====== Study material ======

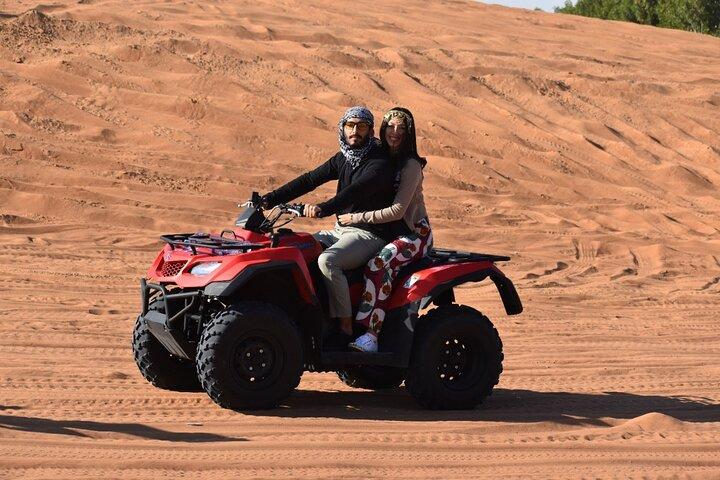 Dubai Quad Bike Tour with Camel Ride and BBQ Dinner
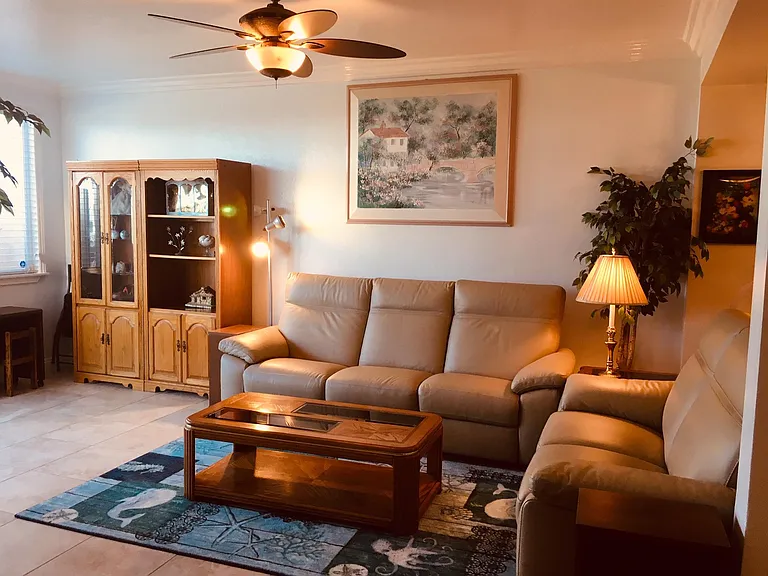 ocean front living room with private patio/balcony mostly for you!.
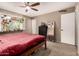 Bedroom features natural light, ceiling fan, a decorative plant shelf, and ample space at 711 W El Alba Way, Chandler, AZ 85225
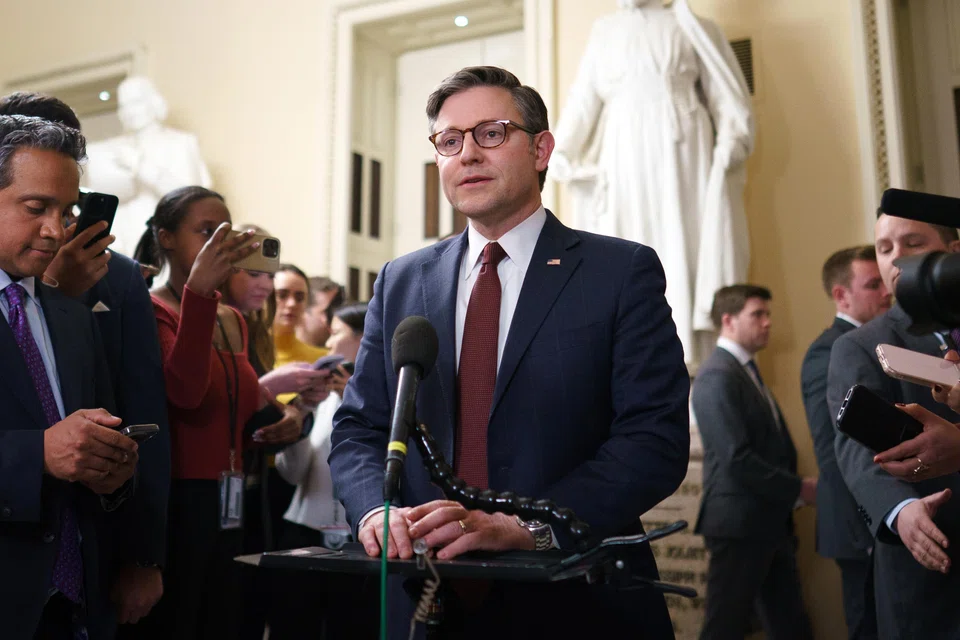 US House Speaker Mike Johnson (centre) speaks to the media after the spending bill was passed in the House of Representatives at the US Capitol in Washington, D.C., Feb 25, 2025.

======
====== Study material ======

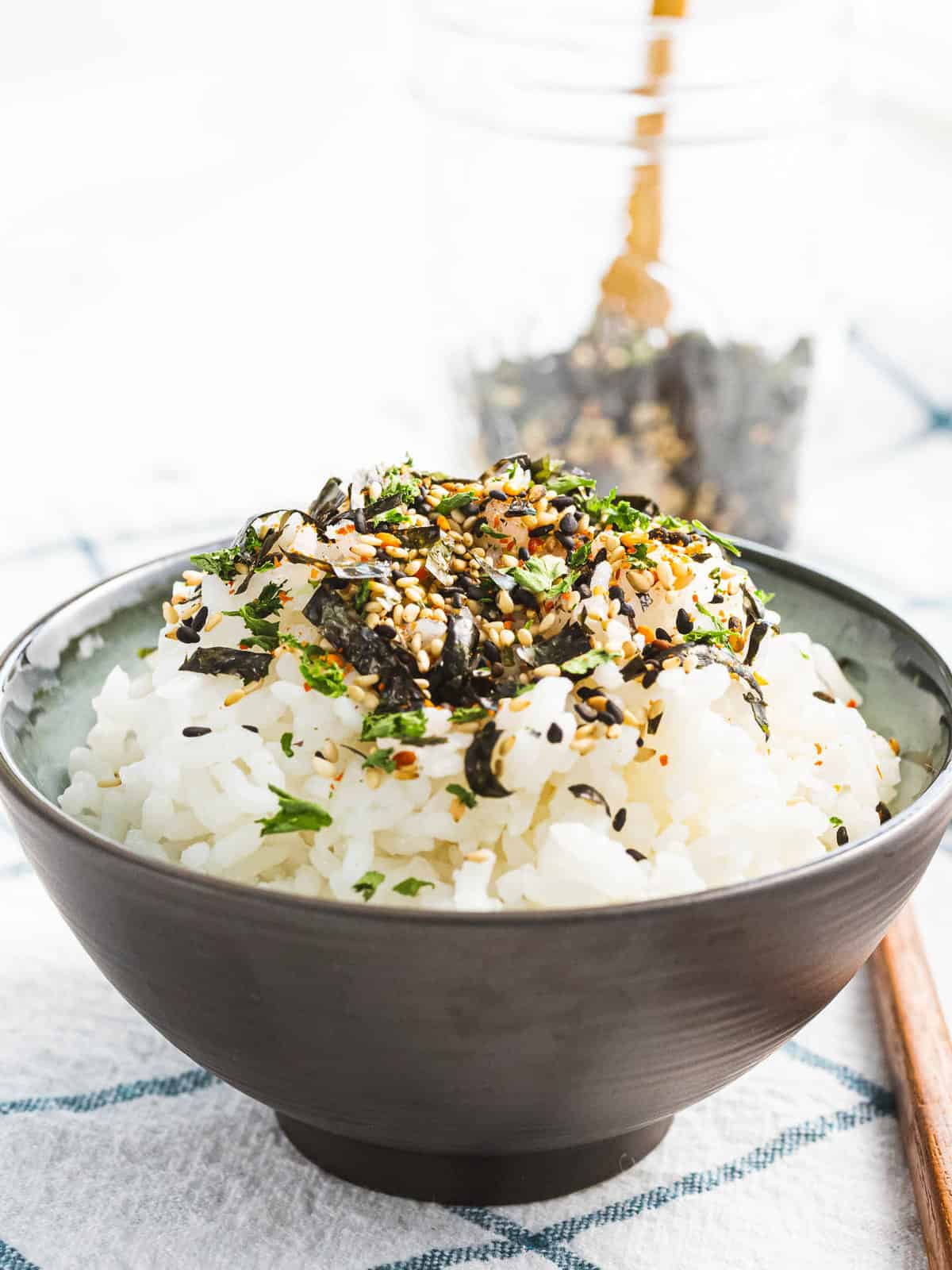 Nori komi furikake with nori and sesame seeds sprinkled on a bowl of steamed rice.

======

Assignment: Above are the records. Copy word for word only their lines from the one holding "Bedroom features natural" through the one holding "US House Speaker", both included, and skip the images.

Written response:
 Bedroom features natural light, ceiling fan, a decorative plant shelf, and ample space at 711 W El Alba Way, Chandler, AZ 85225
 US House Speaker Mike Johnson (centre) speaks to the media after the spending bill was passed in the House of Representatives at the US Capitol in Washington, D.C., Feb 25, 2025.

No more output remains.